- **ABOUT THIS TASK**: Please repeat, exactly as written, every line from the one containing "23 19th C. Stereographic" through the last line of the records, both included, and leave out any pictures.

Brief descriptive captions:

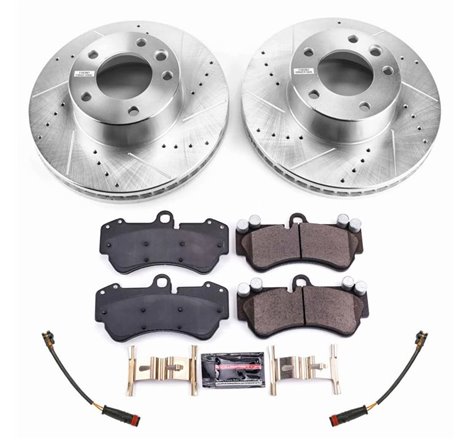 Power Stop 17-18 Mercedes-Benz G550 4x4 Front Z23 Evolution Sport Brake Kit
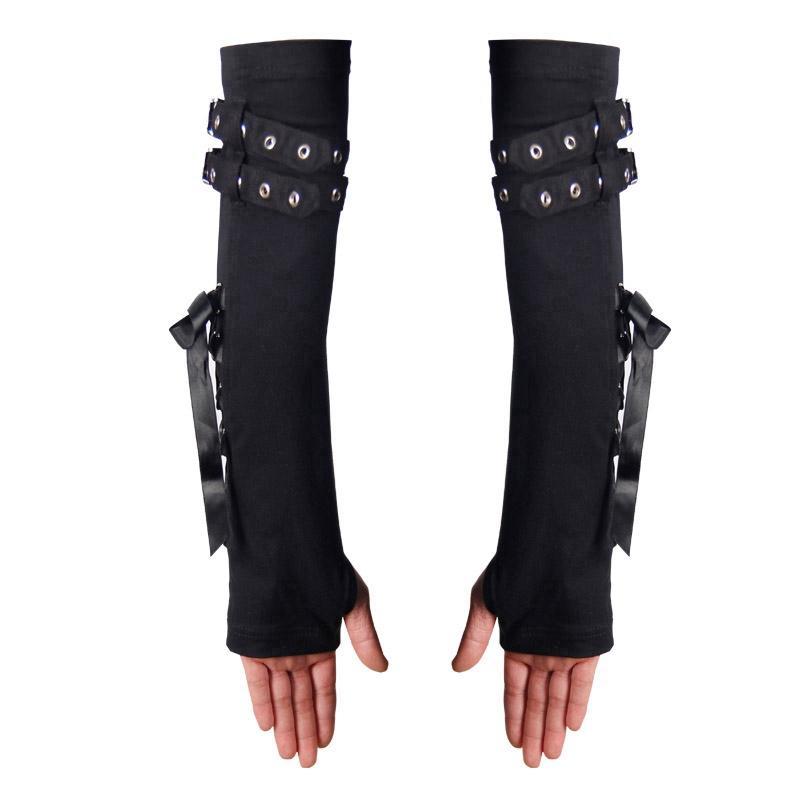 gothic fingerless gloves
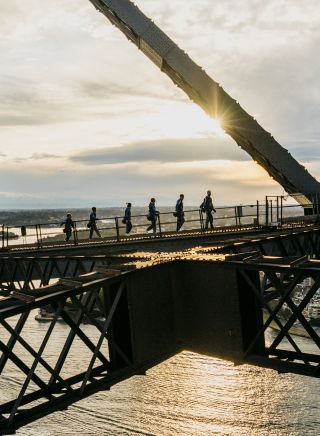 Group on a bridge climb with BridgeClimb, Sydney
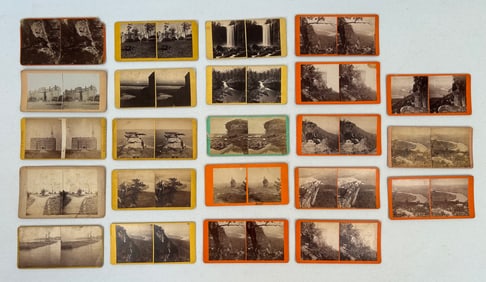 23 19th C. Stereographic View Cards of Tennnessee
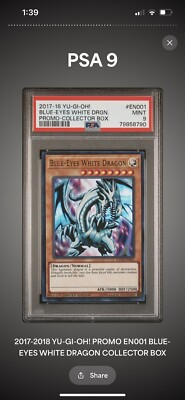 YU-GI-OH! Blue-Eyes White Dragon KACB-EN001 Limited Edition PSA 9 Holo Ultra-image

- **EXERCISE OUTPUT**:
 23 19th C. Stereographic View Cards of Tennnessee
 YU-GI-OH! Blue-Eyes White Dragon KACB-EN001 Limited Edition PSA 9 Holo Ultra-image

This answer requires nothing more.